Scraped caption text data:
==*==

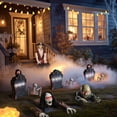 thumbnail image 3 of Yescom Pierre Tombale d'Halloween Animée de 15 Pouces et Demi-Squelette avec Coupe-Pierre Zombie de 6 Pouces, 3 of 9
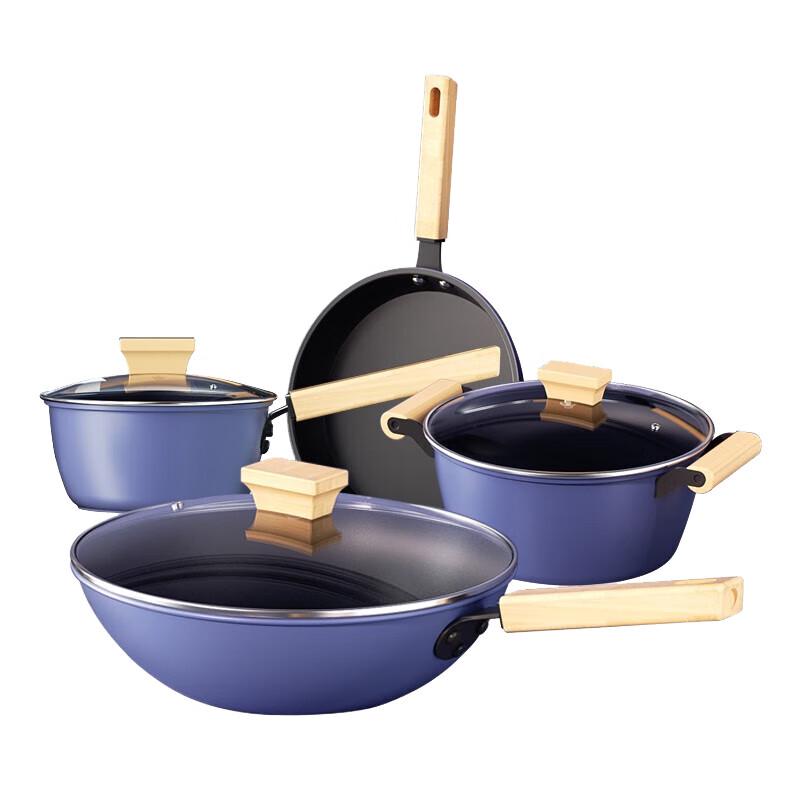 WODHO Gracious Titanium 4-Piece Cookware Set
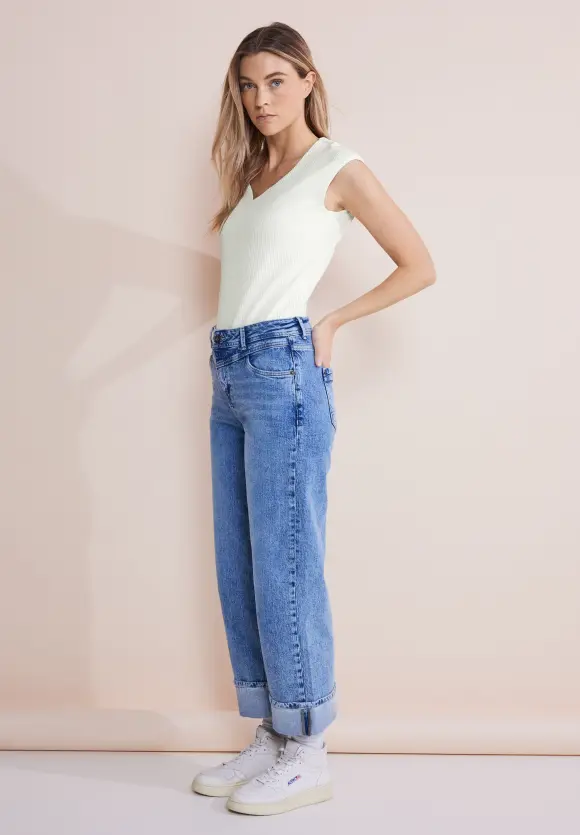 Shirt mit Herz Ausschnitt - off white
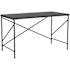 Flash Furniture Maddox 47" Wood Top Steel Office Desk Black / Black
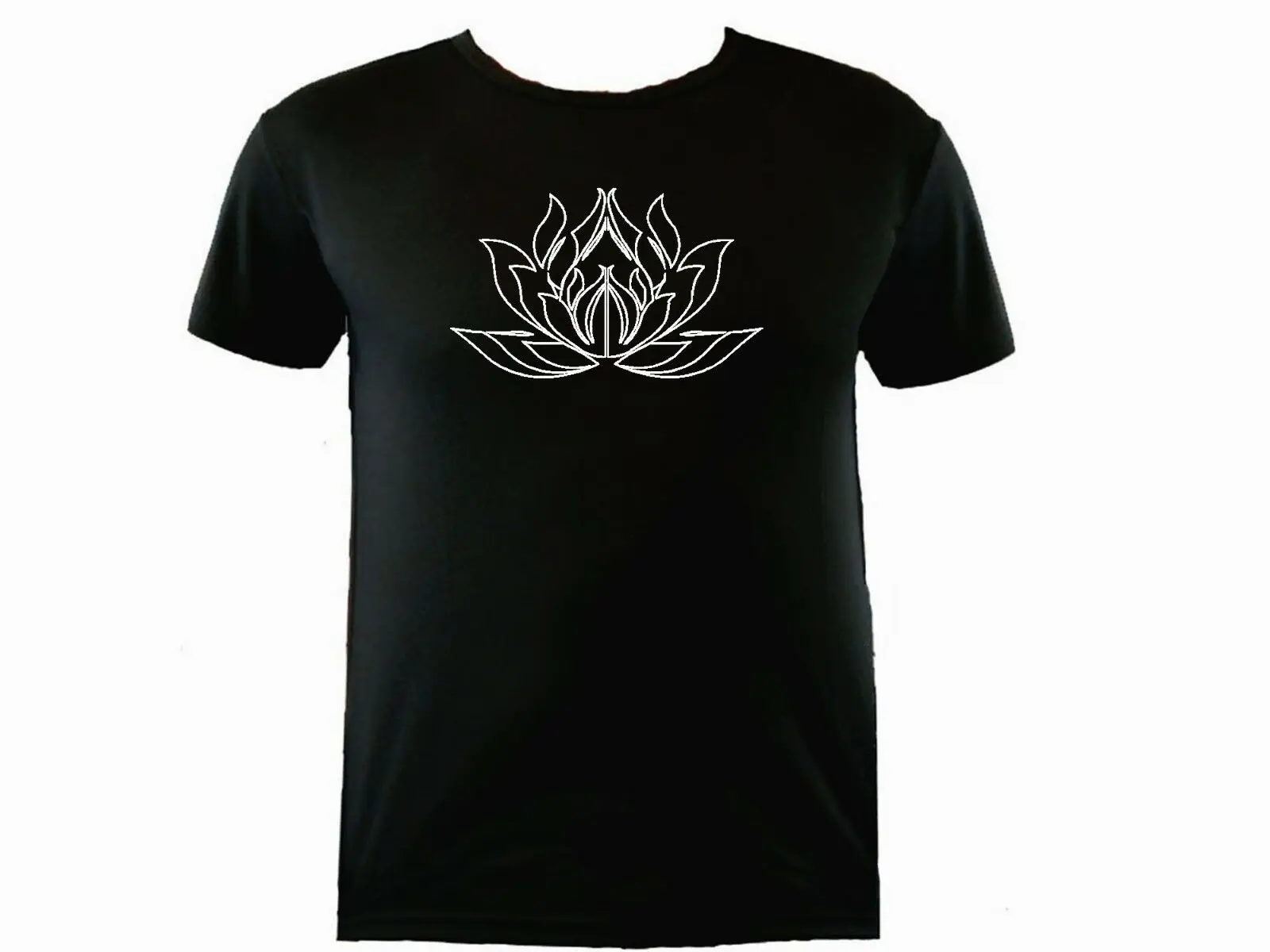 

Lotus Flower Buddhist Symbolsy Yoga Wear Sweat Proof Polyester Workout T-Shirt 2019 Cool Tees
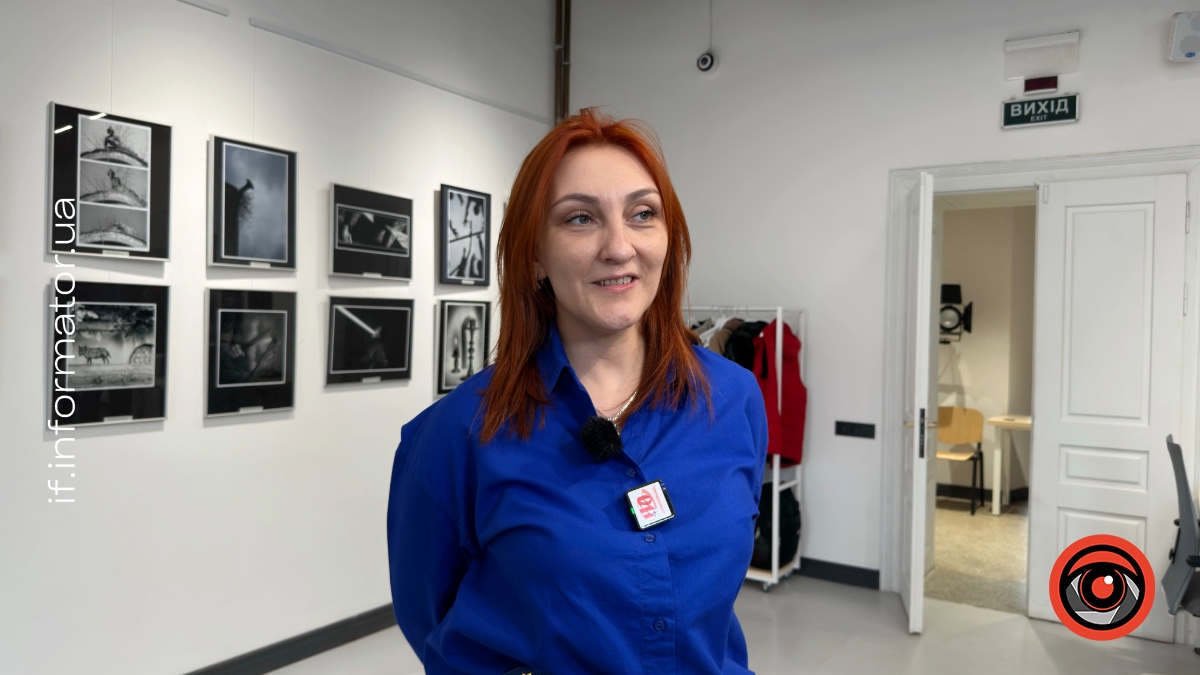 Аліна Чіркова на відкритті польсько-українського фотопроєкту «Крик» в Івано-Франківську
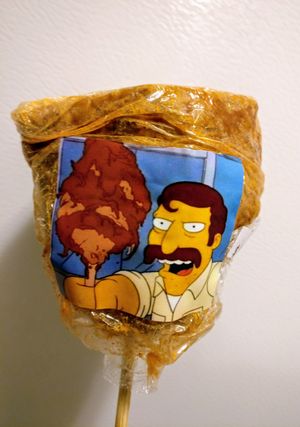 Khlav Kalash seitan meat on a stick! at The Hearty Hooligan in Hamilton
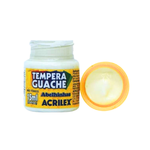 Kit 12 Tintas Guache 15ml Branco Escolar Artesanato Pintura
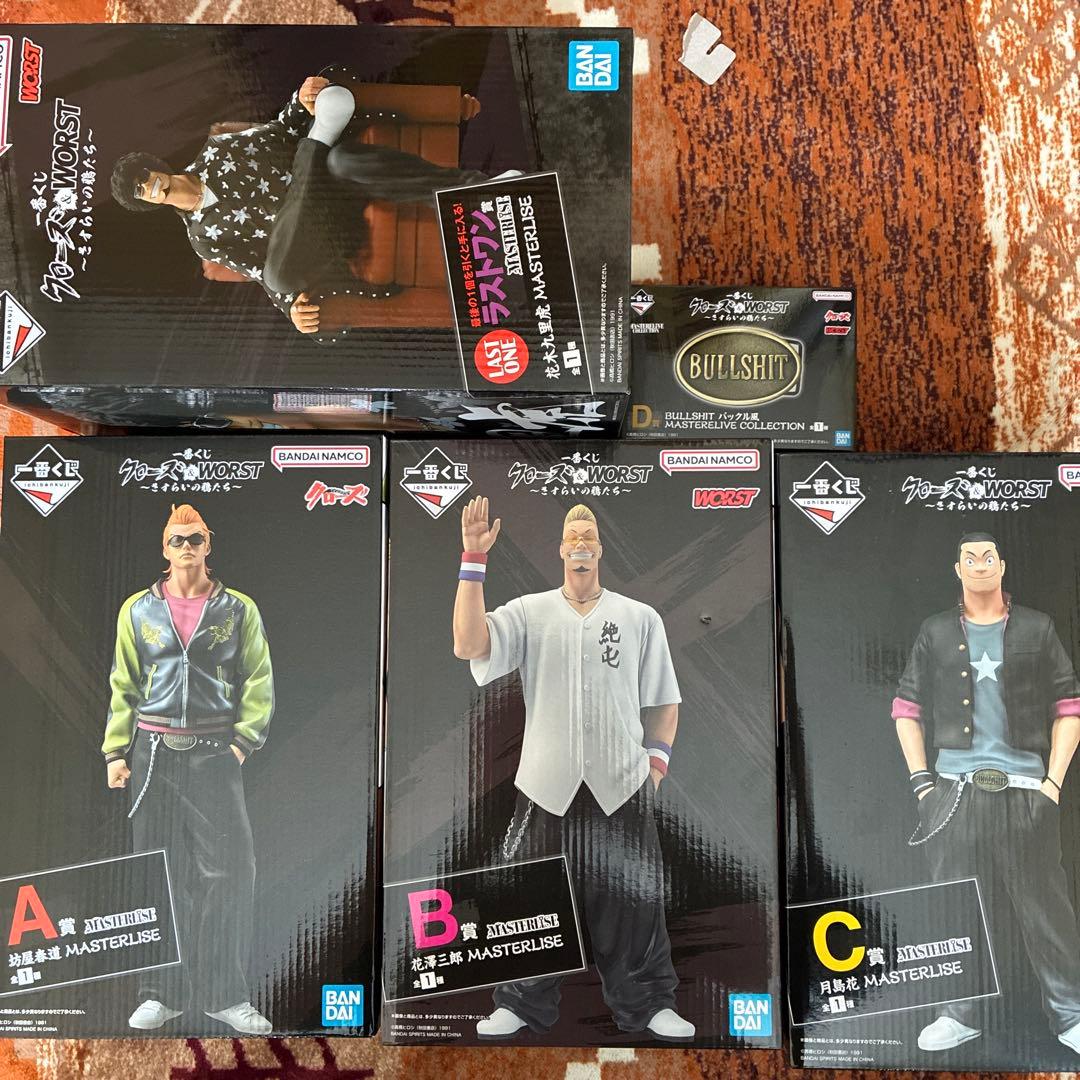 クローズ＆ワースト　一番くじ　ABCDラストワン賞　フィギュアコンプセット
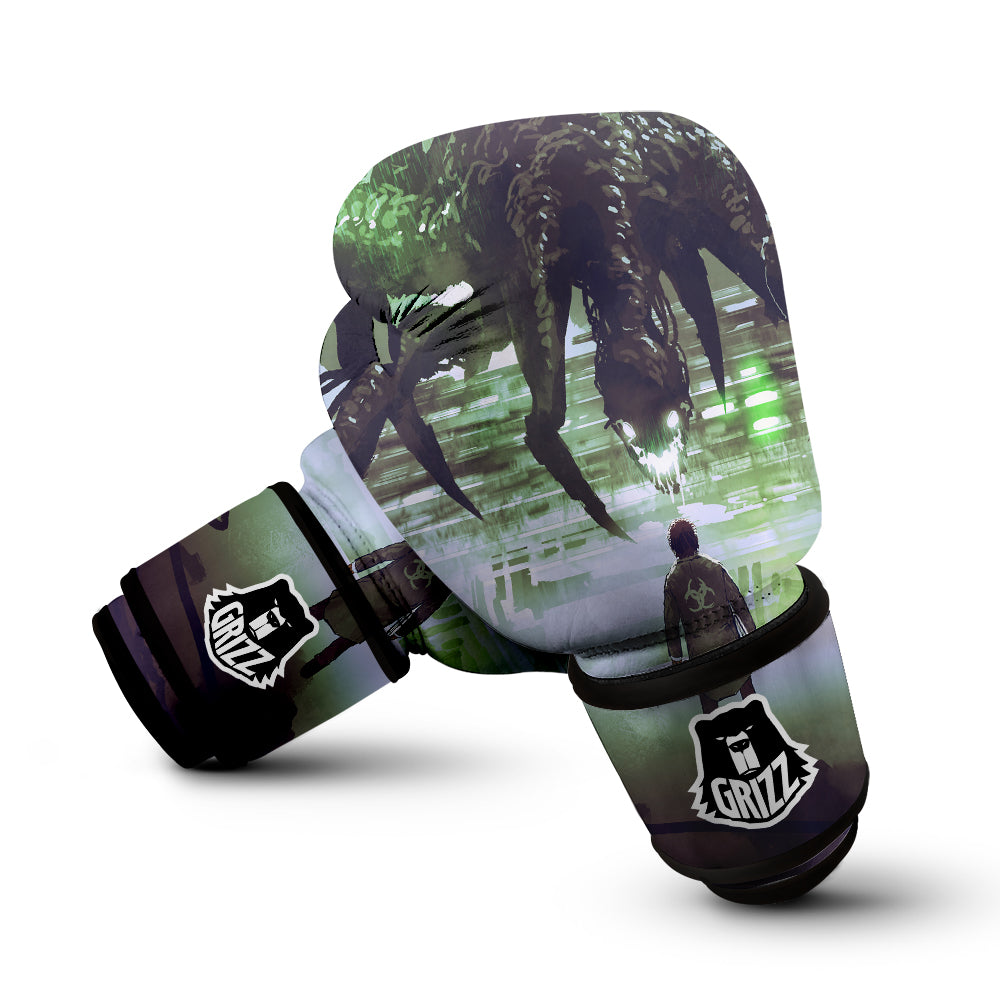 Spider Monster Print Boxing Gloves-grizzshop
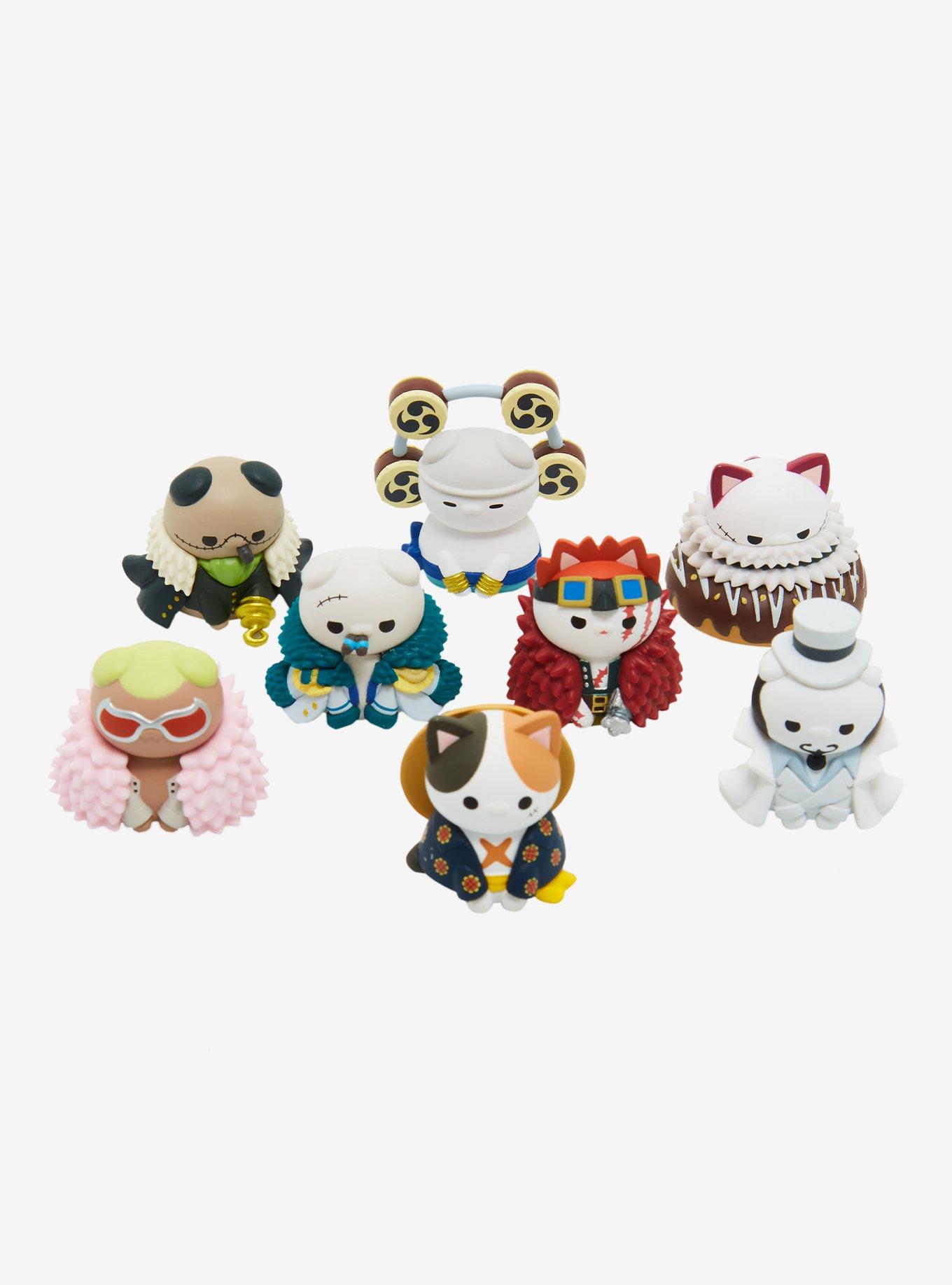 One Piece Nyan Piece Nyan! Luffy and the Seven Warlords of the Sea Mega Cat  Project Mini-Figure Box of 8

==*==

> _TASK INSTRUCTIONS_
Working from the data above, repeat exactly, and only, the lines that begin at the line containing "Shirt mit Herz Ausschnitt - off white" and stop after the line containing "Spider Monster Print Boxing Gloves-grizzshop"; pictures are not copied.

> _TASK RESPONSE_
 Shirt mit Herz Ausschnitt - off white
 Flash Furniture Maddox 47" Wood Top Steel Office Desk Black / Black

Lotus Flower Buddhist Symbolsy Yoga Wear Sweat Proof Polyester Workout T-Shirt 2019 Cool Tees
 Аліна Чіркова на відкритті польсько-українського фотопроєкту «Крик» в Івано-Франківську
 Khlav Kalash seitan meat on a stick! at The Hearty Hooligan in Hamilton
 Kit 12 Tintas Guache 15ml Branco Escolar Artesanato Pintura
 クローズ＆ワースト　一番くじ　ABCDラストワン賞　フィギュアコンプセット
 Spider Monster Print Boxing Gloves-grizzshop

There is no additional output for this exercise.